FedEx’s new service is delivering Rent the Runway in under 24 hours in New York City as the race for lightning-fast deliveries tightens

Rent the Runway’s clothing rental and subscription service carries hundreds of thousands of designers pieces that its nine million subscribers can peruse and get shipped to their home.

The process to get those pieces — particularly for subscribers with an “unlimited” membership — to a customer’s doorstep and back to the warehouse to later arrive on yet another doorstep is logistically complicated. That’s why Jennifer Hyman, Rent the Runway’s co-founder and CEO, has said the company is as much as logistics company as a retailer.

Read more: It’s becoming clearer than ever that Amazon is developing a third-party logistics service to edge out FedEx and UPS now that Stamps.com has dumped the USPS

“We’re in the business of inbound logistics,” Hyman told Business of Fashion. “Most e-commerce companies focus on outbound logistics. How quickly can I get this product to the customer? In our business, we focus on how quickly can I get this product back from the customer, make sure that it’s perfect and ship it out to the next customer.”

Rent the Runway’s logistics operations is so robust that Hyman said other retailers have contacted her to map out their own clothing subscription services.

Rent the Runway has another logistics tool in New York City

Now, Rent the Runway is using FedEx’s newest service offering — FedEx Extra Hours.

The months-old service pushes the evening order cutoff times by five to eight hours. Online orders placed as late as 2 a.m. can deliver the next day in certain metro areas, or within two days to addresses in the continental US.

“Retailers love it,” Kevin Sterling, managing director of Seaport Global Securities, previously told Business Insider. “They used Extra Hours during peak season, and they were able to sell it as, ‘Hey, look, we’re better than Amazon Prime.'”

Read more: FedEx’s new service delivers online orders hours after they’re placed — and it shows that Amazon Prime isn’t special anymore

Now, New York City and New Jersey metro customers can place an order in the afternoon and have their subscription arrive the next day by mid-afternoon, or earlier. The orders previously arrived at the end of the very next day.

Shaving a few hours off delivery times may not seem like much.

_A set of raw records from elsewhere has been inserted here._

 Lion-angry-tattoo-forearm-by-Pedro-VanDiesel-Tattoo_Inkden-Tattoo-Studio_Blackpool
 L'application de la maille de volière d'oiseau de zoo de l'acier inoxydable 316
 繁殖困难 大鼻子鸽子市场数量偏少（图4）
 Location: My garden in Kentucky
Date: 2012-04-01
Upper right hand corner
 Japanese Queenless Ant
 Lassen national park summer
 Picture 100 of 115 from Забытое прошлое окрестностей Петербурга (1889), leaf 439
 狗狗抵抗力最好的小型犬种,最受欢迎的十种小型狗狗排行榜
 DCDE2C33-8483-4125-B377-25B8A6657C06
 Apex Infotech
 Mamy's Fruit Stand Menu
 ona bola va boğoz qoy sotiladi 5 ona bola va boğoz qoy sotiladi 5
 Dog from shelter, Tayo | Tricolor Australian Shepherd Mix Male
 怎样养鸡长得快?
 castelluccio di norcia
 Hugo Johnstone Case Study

But it shows how tight the race for e-commerce has gotten — particularly as more folks rely on subscription clothes as their main wardrobe offerings.

“As our subscription business has continued to grow, we’re serving more and more women every day and our most engaged subscription members are now wearing rented clothing 120 days per year,” RTR’s Chief Supply Officer Marv Cunningham told Business Insider.